Rarely does an extended family get a free pass from Alzheimer’s disease or diabetes mellitus. On the surface, these two afflictions appear totally unrelated —Alzheimer’s (AD), Mother Nature’s cruel version of identity theft; and diabetes, the glucose-metabolism disorder that affects both young and old alike. However, new research indicates that the two diseases behave in a similar manner.

In a study recently published in the Journal of Alzheimer’s Disease, researchers from Brown Medical School found that reduced glucose uptake and decreased metabolism in the hippocampus—the area of the brain associated with memory—cause neurodegeneration and cognitive impairment. This, they say, suggests that a form of diabetes, tentatively dubbed type 3, leads to AD.

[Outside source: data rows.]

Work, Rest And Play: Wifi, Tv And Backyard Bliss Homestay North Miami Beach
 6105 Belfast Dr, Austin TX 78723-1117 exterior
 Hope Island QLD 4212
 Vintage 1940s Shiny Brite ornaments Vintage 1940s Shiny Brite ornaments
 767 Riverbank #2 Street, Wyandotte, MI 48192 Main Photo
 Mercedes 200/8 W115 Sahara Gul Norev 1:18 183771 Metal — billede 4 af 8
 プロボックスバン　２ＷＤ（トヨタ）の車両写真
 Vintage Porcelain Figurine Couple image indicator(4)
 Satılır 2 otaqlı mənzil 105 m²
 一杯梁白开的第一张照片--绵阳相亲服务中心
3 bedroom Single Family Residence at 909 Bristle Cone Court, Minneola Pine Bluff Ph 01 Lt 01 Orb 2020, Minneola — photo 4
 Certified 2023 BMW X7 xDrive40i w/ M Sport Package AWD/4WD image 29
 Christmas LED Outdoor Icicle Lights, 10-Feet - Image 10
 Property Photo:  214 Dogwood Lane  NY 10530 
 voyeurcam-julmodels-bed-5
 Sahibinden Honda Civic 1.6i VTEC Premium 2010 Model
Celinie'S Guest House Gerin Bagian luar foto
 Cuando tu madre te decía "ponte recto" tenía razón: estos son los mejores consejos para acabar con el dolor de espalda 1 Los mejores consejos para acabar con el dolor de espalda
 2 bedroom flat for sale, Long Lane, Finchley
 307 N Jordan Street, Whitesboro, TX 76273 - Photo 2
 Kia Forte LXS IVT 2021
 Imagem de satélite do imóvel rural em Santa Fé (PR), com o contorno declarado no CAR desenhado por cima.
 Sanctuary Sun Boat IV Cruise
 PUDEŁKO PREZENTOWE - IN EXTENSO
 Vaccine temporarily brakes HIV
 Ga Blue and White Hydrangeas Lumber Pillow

Type 1 diabetes results from a severe or complete lack of insulin, a hormone made in the pancreas that controls blood sugar. Type 2, dubbed adult onset diabetes (although these days it occurs in teenagers and even younger kids), also stems from a dearth of insulin, or insulin resistance —the existing insulin molecules cannot deliver glucose through the cells’ membranes. Surprisingly, the researchers found a new form of insulin, produced in the brain, and they believe that, over time, decreasing levels of this “brain insulin” and other insulin-related proteins ultimately precipitate AD. While levels of brain insulin have no known affect on a body’s overall blood sugar, scientists have long recognized that diabetes patients are more likely to develop AD than those without the disease.

Skeptics of the Brown team’s findings argue that our brains produce so little insulin in the first place, reduced levels of the hormone can’t possibly play a significant role in AD. Regardless, the new data show that AD may be a neuroendocrine disorder, thus increasing the possibility for more effective treatments. And that gives hope to all of us who may one day be touched, directly or indirectly, by the merciless hand of AD.